Problem description
Any picture in the material should be left out, while all other lines are copied exactly.

Collected data
____________________

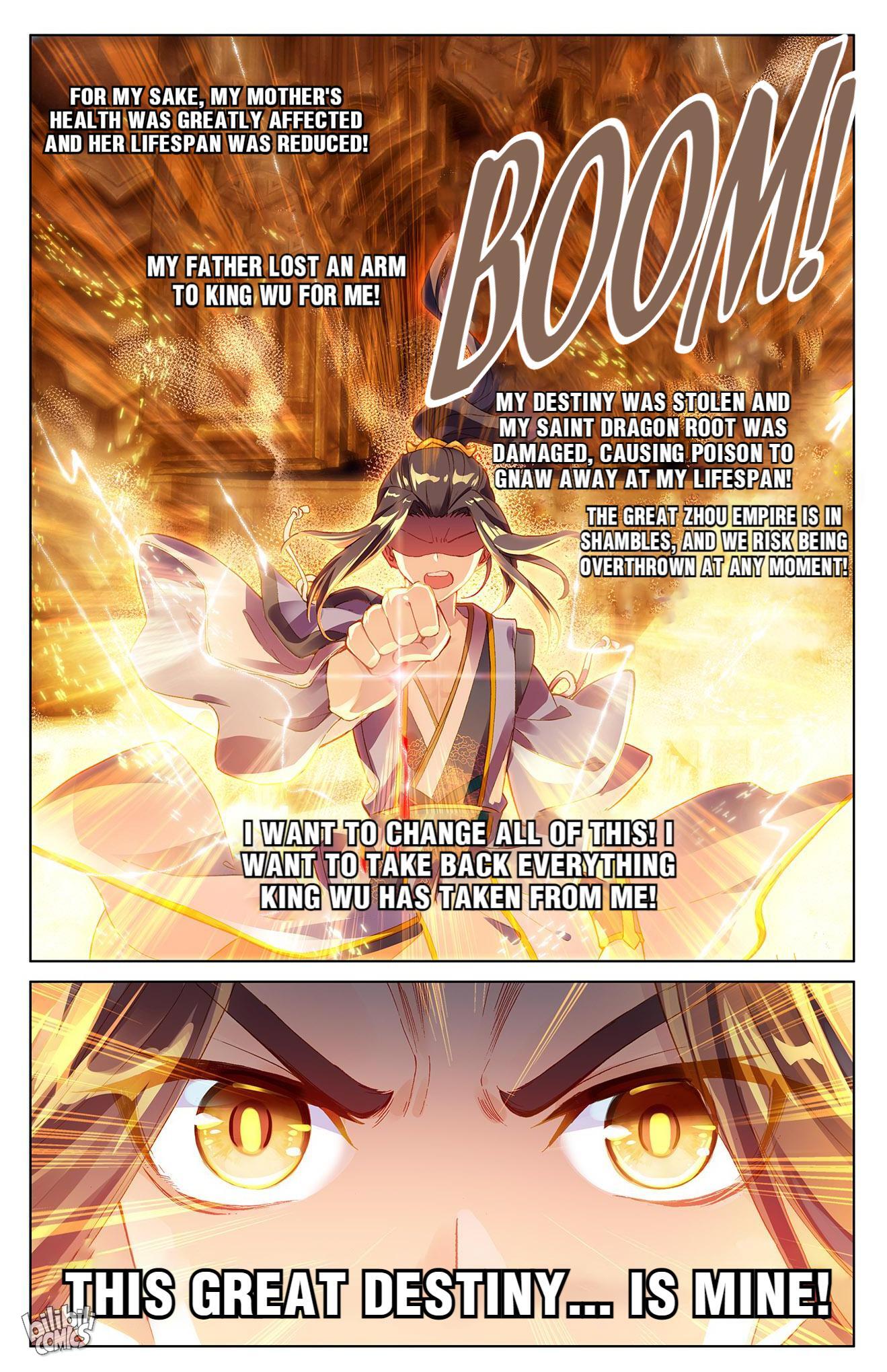 Read Dragon Prince Yuan EN Manga Online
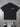 ALPHA BLACK SHORT SLEEVE WOVEN FABRIC CASUAL SHIRT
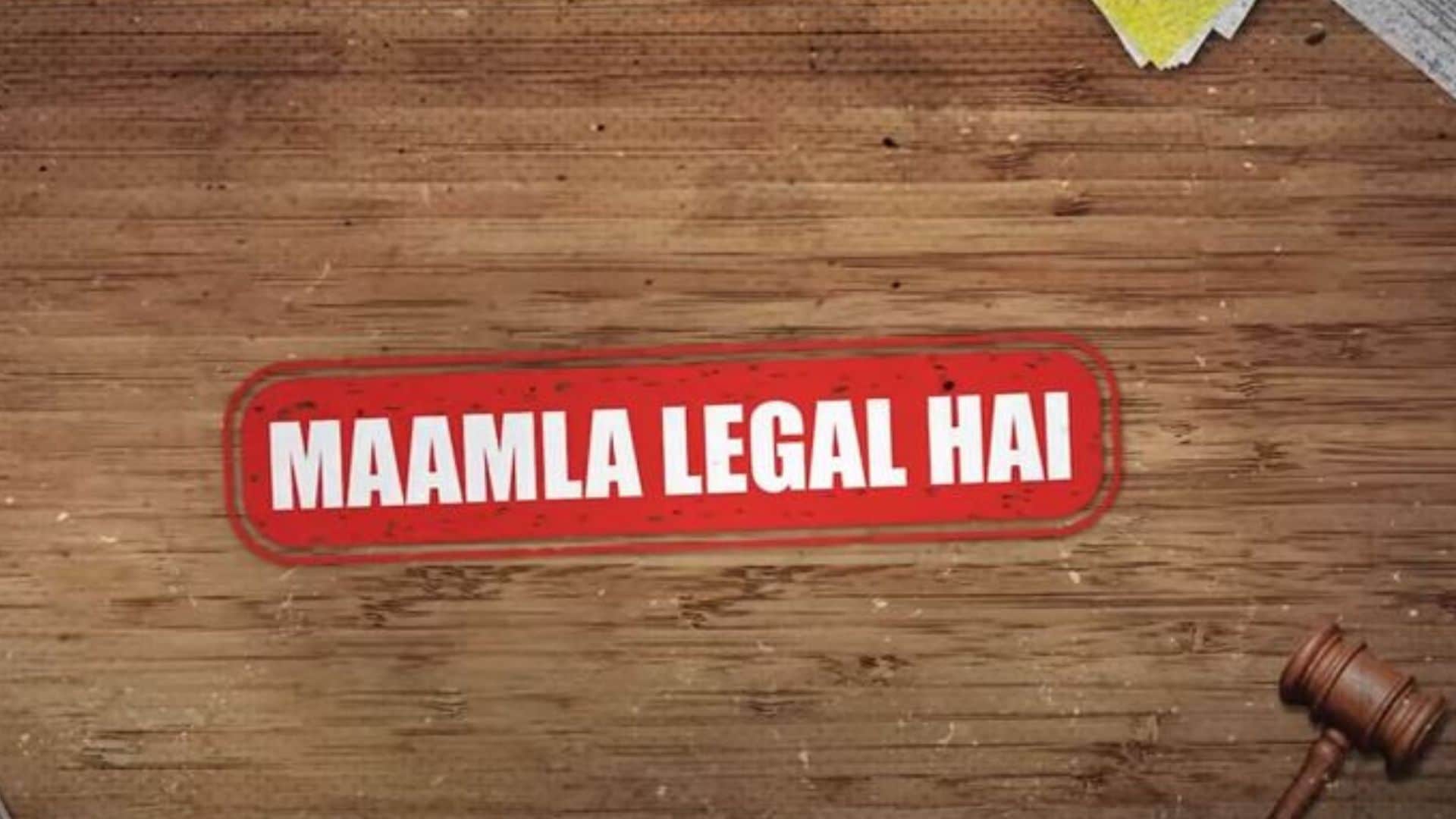 Vivek agnihotri loved maamla legal hai praises series cast nidhi bisht director calls ravi kishan a rockstar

____________________

Task result
 Read Dragon Prince Yuan EN Manga Online
 ALPHA BLACK SHORT SLEEVE WOVEN FABRIC CASUAL SHIRT
 Vivek agnihotri loved maamla legal hai praises series cast nidhi bisht director calls ravi kishan a rockstar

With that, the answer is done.